XLMiner™ can produce samples from MS-Access databases.

Select XLMiner --> Data Utilities --> Sample from database.

Select the data source and select Connect to a database. You get login forms for Oracle and SQL Server. For MS-Access you get the following.

Click ok after opening the correct database.

The following dialog appears on screen. (For illustration, MS-Access is used as the data source.)

Fill up the dialog as shown above. If you want to select stratified sampling, see below.

The selected database is already displayed. Select the table to be sampled.

Fields in table : XLMiner™ displays the fields in table once the table is selected. By default it selects first table in the database. Select the required fields and they will appear in the list of selected fields. 

Specify Primary key : This field should have all unique values and no null values.

Sampling Options : 

Sample With replacement : If checked the data is sampled with replacement. The default is sampling without replacement.

Set Seed : The user can enter the sorting seed.
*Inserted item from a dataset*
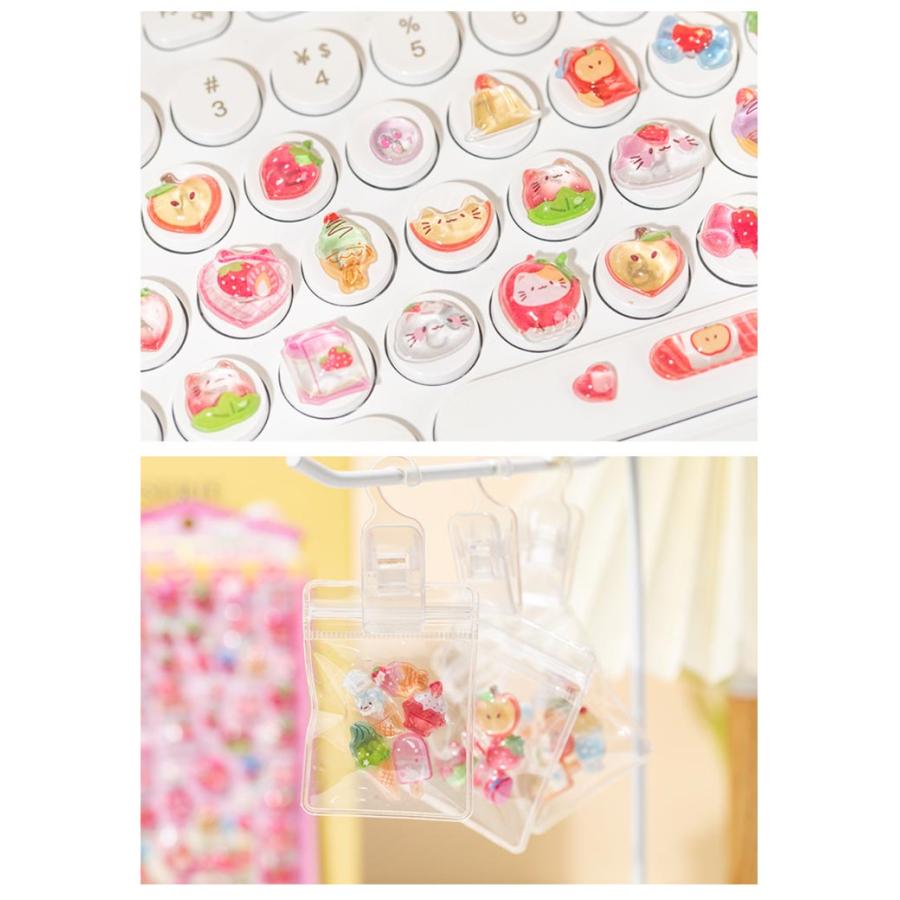 お菓子 モチーフ 食べ物 おしゃれ キャラクター シール帳 大量 シール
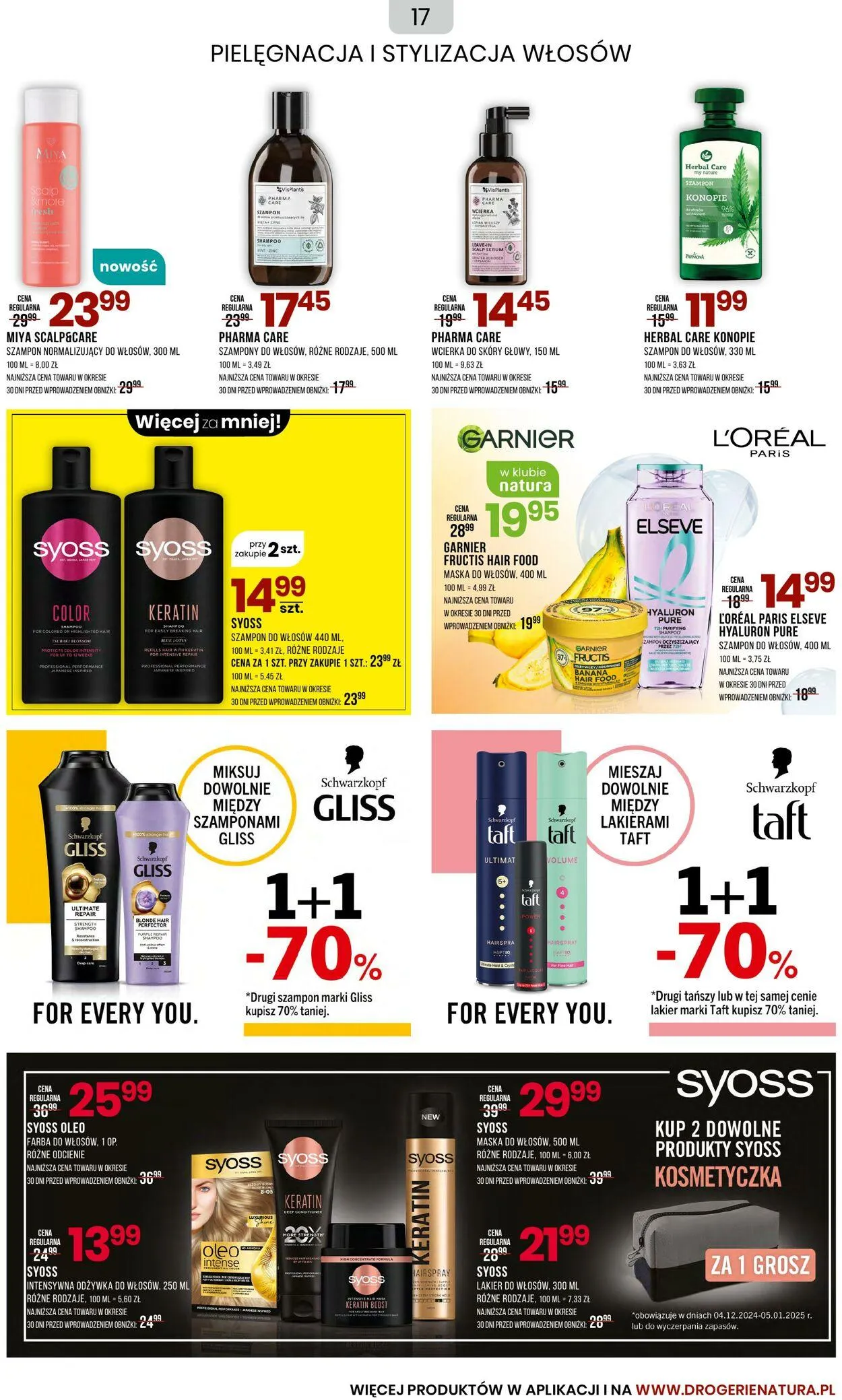 Gazetka Natura Aktualna gazetka od 4 grudnia do 3 stycznia 2026 - Strona 17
The default seed is 12345.

Desired sample size : The user can enter here the sample size as desired. (Note that the actual sample size may vary a little, depending on the further instructions from the user. We will know why as we go ahead.)
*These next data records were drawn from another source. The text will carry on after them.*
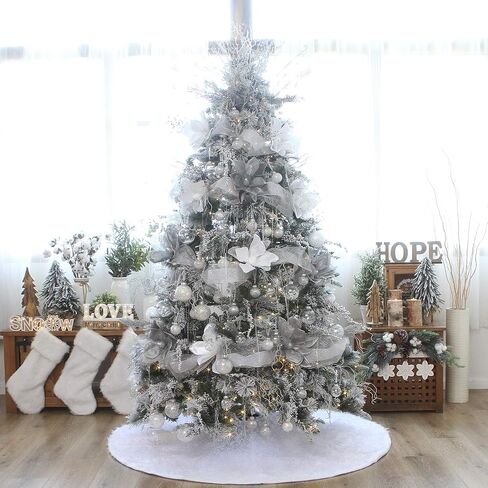 Sea Team Clear Glass Icicles Drops Ornaments for Christmas Tree Decorations, 3.9-5.9 inches, Set of 36 in Saudi Arabia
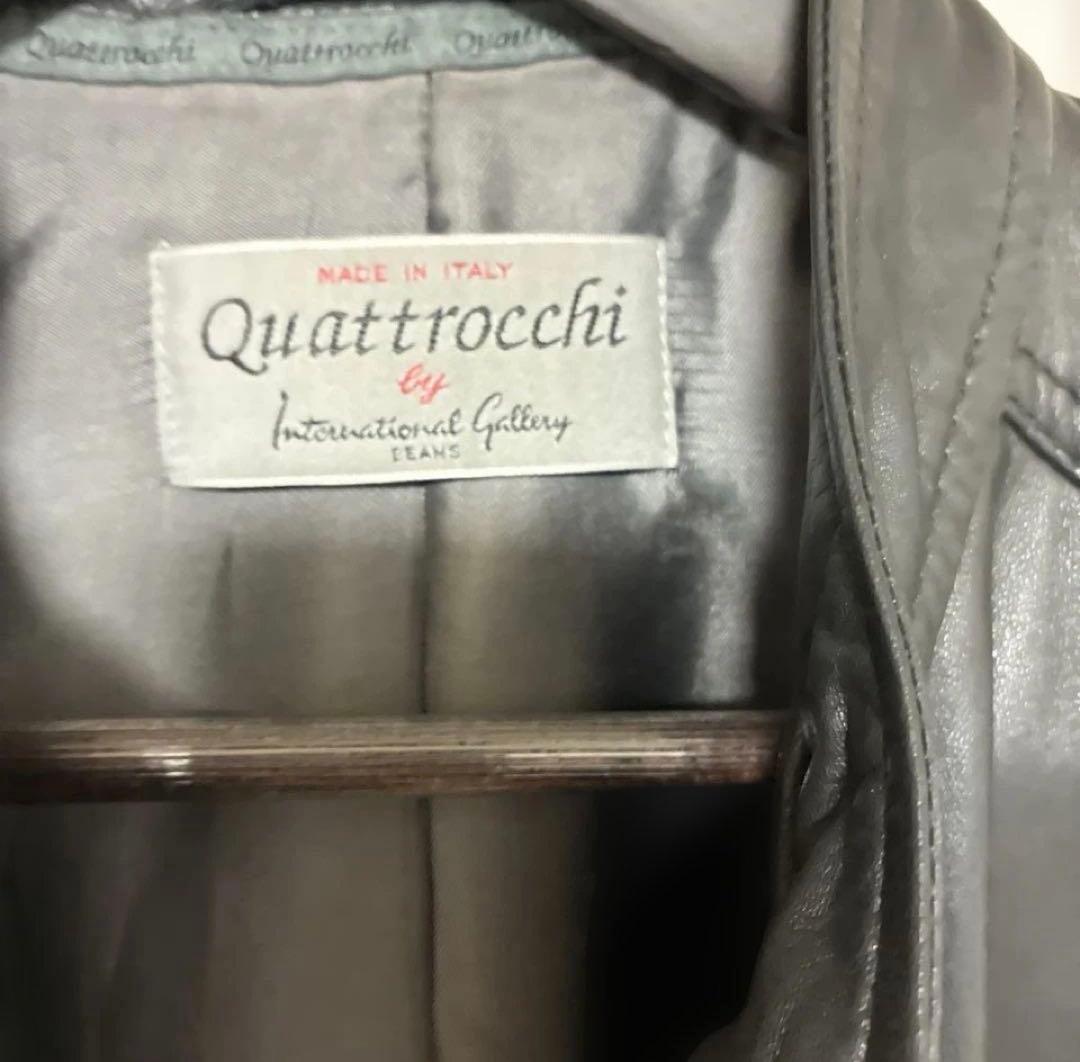 Quattrochi レザージャケット シングルライダース　beams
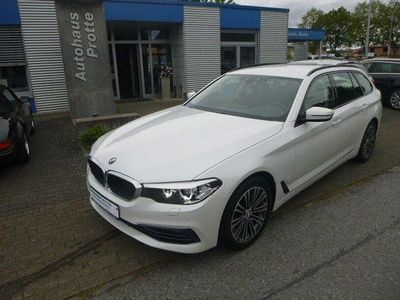 Gebraucht BMW 520 Sport Line 190 PS (139 kW) 2019 Weiß Limousine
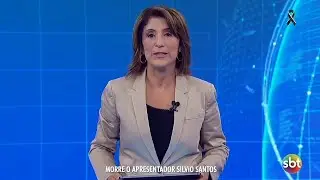 SBT anuncia morte de Silvio Santos | Plantão SBT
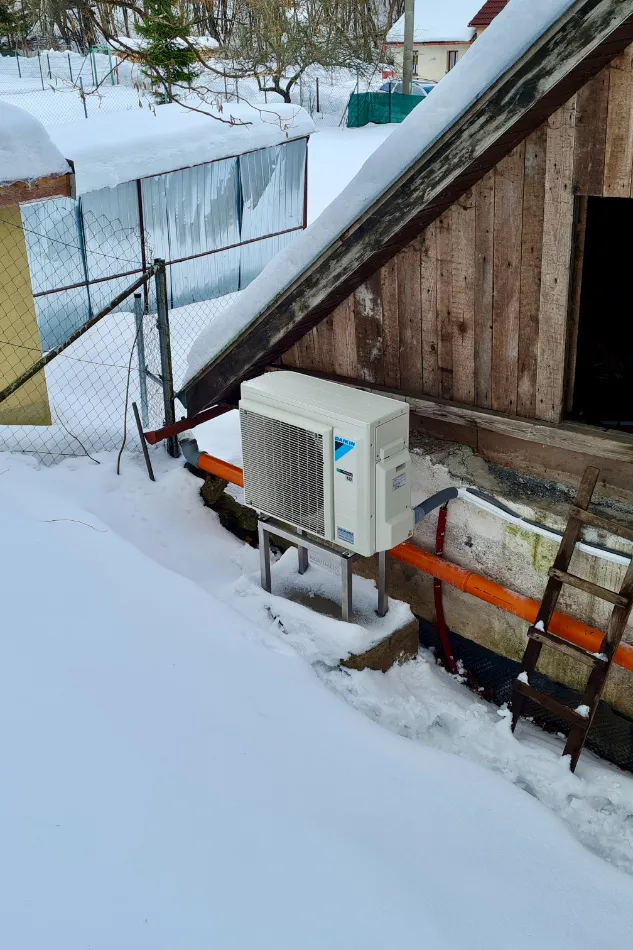 Tepelné čerpadlo vzduch voda Daikin Altherma 3 6kW rodinný dom Šútovo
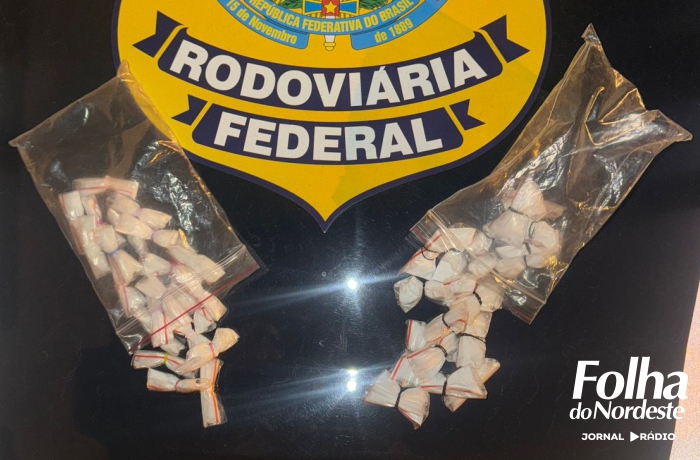 PRF prende traficante com cocaína na BR 116 em Caxias do Sul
Simple random sampling : The data is sorted using the simple random sampling techniques taking into account the other parameters entered earlier.
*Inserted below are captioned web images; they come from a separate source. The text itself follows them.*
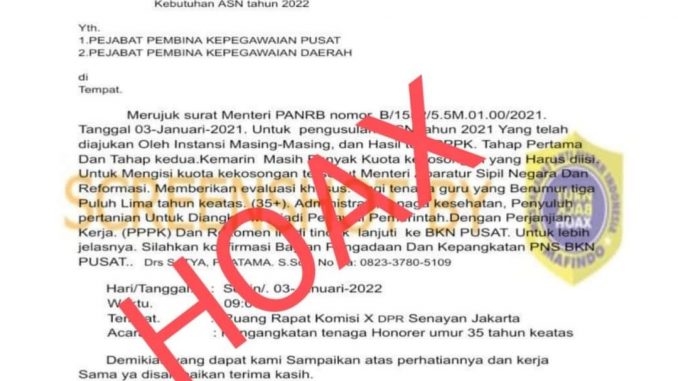 Surat Pengangkatan Guru Honorer Tahun 2022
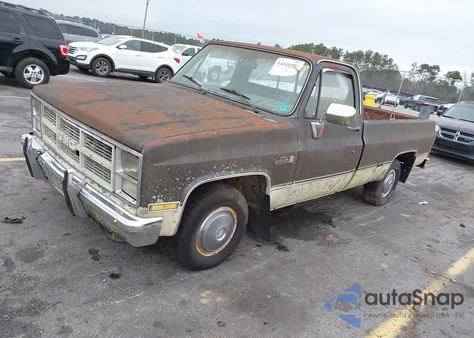 1984 GMC C1500 из США, поврежденный, VIN 1GTDC14D5EF717462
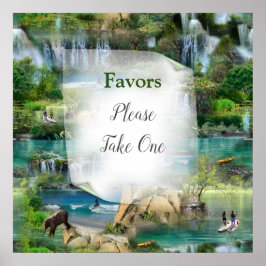 Weltmeere und -flüsse, Seen und Sport Poster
Stratified random sampling : If this sampling method is to be used XLMiner™ provides a the following options.

Stratum Variable : From the list of variables, the user can decide which to use for stratified random sampling. Note that XLMiner™ allows only those variables which have less than 30 distinct values. As the user selects the variable name XLMiner™ displays the no. of strata that variable contains in a box in front and smallest stratum size in a box in front of the option "Equal from each stratum, #records = smallest stratum size".

Pick records from strata :

Proportionate to stratum size : XLMiner™ detects the proportion of each stratum in the dataset and maintains the same in sampling. Due to this XLMiner™ sometimes has to change the desired sample size (on the higher side) in order to maintain the proportionate stratum size. XLMiner™ then displays the actual sample size in the output along with the desired sample size as shown below.

Equal from each stratum : On specifying the no. of records, XLMiner™ generates sample which has that same number of records from each stratum. In this case the number chosen automatically decides the desired sample size, so the option to enter the desired sample size is not available.

Equal from each stratum, #records = smallest stratum size : XLMiner™ detects the smallest stratum size and generates a sample wherein every stratum has a representation of that size. Again here option for the desired sample size is not required.

XLMiner™ performs the stratified random sampling with or without replacement. If you choose sample without replacement,  you can not have the desired sample size greater than the number of records in the dataset, for obvious reasons. While entering the #records in the option "equal from each stratum" do not enter a number which will make the sample size greater than the size of the dataset.

If you choose to sample with replacement, then the no. of records in the dataset does not pose any limit on the no. of records in the sample. XLMiner™ can generate a sample having upto 2000 records.